The New Pornographers had only played the Beachland Ballroom during stops in Cleveland before Saturday's show at the House of Blues, something that lead singer Carl Newman mentioned shortly into the concert. He said something to the effect of, "If you only see Cleveland through that neighborhood [Collinwood], you'd think it was a wasteland." (Paraphrasing there.)
He then turned to siren second-fiddle Neko Case and said it's better, right, to be at the House of Blues? In a rhetorical way.
Neko, never shy with an opinion, responded, "No, I like the Beachland about 8000 times fucking more." Cue raucous audience applause. (In case you were curious, she didn't back off that sentiment later, instead retweeting a whole bunch of things on Twitter to the same effect, including calling the House of Blues franchise the WalMart of concert venues.)
Oh, and there was a show.
The Pornos are still touring of Together, their 2010 release and fifth overall. Saturday night's show was a pretty even swing through the last ten years. Two selections from Mass Romantic — "Mass Romantic," "The Slow Descent into Alcoholism," — a handful from the dynamite Electric Version — including the rarely-played-live-anymore, glowing Neko showcase "All For Swinging You Around," and "Testament to Youth in Verse" — and a hodgepodge of from Twin Cinema, Challengers, and Together.

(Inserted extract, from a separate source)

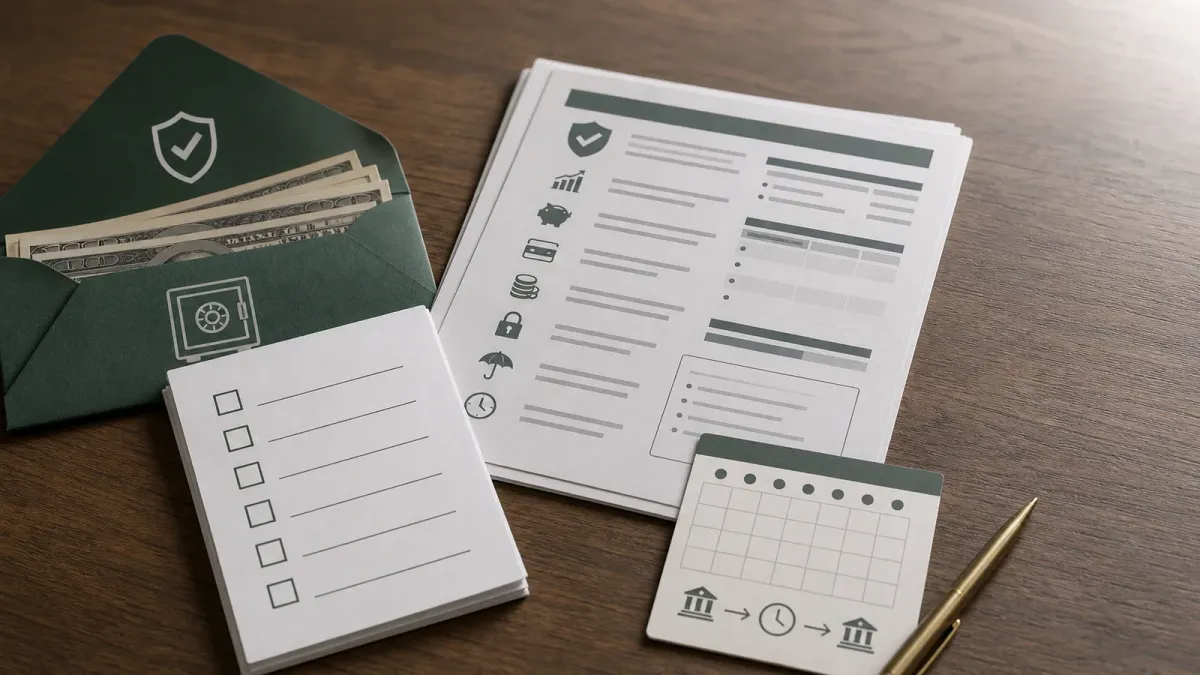 Emergency cash, account disclosures and a blank checklist arranged on a desk for comparing savings-account limits.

They hit the sweet spots — "My Rights Versus Yours," "Sing Me Spanish Techno," and the ever-catchy "Bleeding Heart Show" — sounding tight, sugary harmonic, and just a hint more energetic than their last couple of shows in C-town.
Was Neko right? The acoustics in the upper balcony at the HOB can be shoddy, and the Beachland's history and intimacy certainly help show's there, but the New Pornographers did well to carry the larger audience and larger venue, and to quickly make them forget about Neko's quip. After all, they weren't there to hear her talk.
The Walkmen opened. Fresh off a year in which Lisbon was included on plenty of year-end lists, the HOB was pretty much packed by the time The Walkmen took the stage. Their hour-long set was impressive if bland. Hamilton Leithauser's vocals carried loud and true and passionate, but he never really moved, instead taking the patented rock-star lead-singer pose for most the show. Not that the crowd cared.